DATASET:

= = =

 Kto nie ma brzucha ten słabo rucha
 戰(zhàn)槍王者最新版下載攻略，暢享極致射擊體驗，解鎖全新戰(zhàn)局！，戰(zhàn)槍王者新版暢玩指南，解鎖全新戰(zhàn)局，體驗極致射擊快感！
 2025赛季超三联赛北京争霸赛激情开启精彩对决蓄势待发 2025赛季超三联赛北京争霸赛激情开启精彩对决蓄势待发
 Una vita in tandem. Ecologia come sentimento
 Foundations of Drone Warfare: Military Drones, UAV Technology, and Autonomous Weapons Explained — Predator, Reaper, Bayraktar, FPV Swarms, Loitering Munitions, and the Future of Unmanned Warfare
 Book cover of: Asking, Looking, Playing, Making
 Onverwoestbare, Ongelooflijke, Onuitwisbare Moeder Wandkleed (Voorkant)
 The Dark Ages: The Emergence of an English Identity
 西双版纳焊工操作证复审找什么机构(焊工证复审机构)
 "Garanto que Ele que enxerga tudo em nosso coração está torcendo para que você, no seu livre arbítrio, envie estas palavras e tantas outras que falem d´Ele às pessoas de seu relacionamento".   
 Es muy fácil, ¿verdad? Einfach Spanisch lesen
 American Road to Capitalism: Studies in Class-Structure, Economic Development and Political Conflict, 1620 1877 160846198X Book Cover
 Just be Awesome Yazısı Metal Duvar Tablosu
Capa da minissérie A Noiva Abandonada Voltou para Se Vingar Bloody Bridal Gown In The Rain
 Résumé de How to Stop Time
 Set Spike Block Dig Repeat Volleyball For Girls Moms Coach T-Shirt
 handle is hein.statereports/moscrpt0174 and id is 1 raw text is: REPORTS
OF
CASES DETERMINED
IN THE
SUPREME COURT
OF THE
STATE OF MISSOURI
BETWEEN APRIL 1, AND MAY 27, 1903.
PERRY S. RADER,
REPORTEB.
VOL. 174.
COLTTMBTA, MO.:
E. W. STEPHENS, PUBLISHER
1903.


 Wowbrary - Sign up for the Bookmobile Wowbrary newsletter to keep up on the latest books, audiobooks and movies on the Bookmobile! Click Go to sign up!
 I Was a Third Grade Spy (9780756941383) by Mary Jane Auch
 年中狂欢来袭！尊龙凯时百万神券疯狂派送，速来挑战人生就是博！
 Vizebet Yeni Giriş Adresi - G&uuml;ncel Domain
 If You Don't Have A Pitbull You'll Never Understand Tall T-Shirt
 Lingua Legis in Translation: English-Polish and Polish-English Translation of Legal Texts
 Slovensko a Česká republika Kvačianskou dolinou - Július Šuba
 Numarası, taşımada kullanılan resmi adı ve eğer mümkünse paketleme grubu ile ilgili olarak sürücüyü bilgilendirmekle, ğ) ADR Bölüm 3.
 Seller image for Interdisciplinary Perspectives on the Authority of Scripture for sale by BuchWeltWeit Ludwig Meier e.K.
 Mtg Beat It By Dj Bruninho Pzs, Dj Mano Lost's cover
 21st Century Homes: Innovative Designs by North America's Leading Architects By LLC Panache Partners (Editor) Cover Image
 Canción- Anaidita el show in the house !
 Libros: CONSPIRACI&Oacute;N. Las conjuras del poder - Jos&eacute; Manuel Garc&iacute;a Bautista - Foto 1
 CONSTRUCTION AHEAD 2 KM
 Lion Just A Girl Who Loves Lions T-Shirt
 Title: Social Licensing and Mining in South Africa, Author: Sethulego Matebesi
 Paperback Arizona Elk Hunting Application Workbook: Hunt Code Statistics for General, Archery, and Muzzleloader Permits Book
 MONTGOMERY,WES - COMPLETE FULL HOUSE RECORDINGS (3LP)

= = =

TASK DIRECTIONS:
With the line holding "Foundations of Drone" as the first and the line holding "I Was a Third" as the last, please transcribe exactly the lines of the material above in that range and nothing else.

FINAL ANSWER:
 Foundations of Drone Warfare: Military Drones, UAV Technology, and Autonomous Weapons Explained — Predator, Reaper, Bayraktar, FPV Swarms, Loitering Munitions, and the Future of Unmanned Warfare
 Book cover of: Asking, Looking, Playing, Making
 Onverwoestbare, Ongelooflijke, Onuitwisbare Moeder Wandkleed (Voorkant)
 The Dark Ages: The Emergence of an English Identity
 西双版纳焊工操作证复审找什么机构(焊工证复审机构)
 "Garanto que Ele que enxerga tudo em nosso coração está torcendo para que você, no seu livre arbítrio, envie estas palavras e tantas outras que falem d´Ele às pessoas de seu relacionamento".   
 Es muy fácil, ¿verdad? Einfach Spanisch lesen
 American Road to Capitalism: Studies in Class-Structure, Economic Development and Political Conflict, 1620 1877 160846198X Book Cover
 Just be Awesome Yazısı Metal Duvar Tablosu
Capa da minissérie A Noiva Abandonada Voltou para Se Vingar Bloody Bridal Gown In The Rain
 Résumé de How to Stop Time
 Set Spike Block Dig Repeat Volleyball For Girls Moms Coach T-Shirt
 handle is hein.statereports/moscrpt0174 and id is 1 raw text is: REPORTS
OF
CASES DETERMINED
IN THE
SUPREME COURT
OF THE
STATE OF MISSOURI
BETWEEN APRIL 1, AND MAY 27, 1903.
PERRY S. RADER,
REPORTEB.
VOL. 174.
COLTTMBTA, MO.:
E. W. STEPHENS, PUBLISHER
1903.


 Wowbrary - Sign up for the Bookmobile Wowbrary newsletter to keep up on the latest books, audiobooks and movies on the Bookmobile! Click Go to sign up!
 I Was a Third Grade Spy (9780756941383) by Mary Jane Auch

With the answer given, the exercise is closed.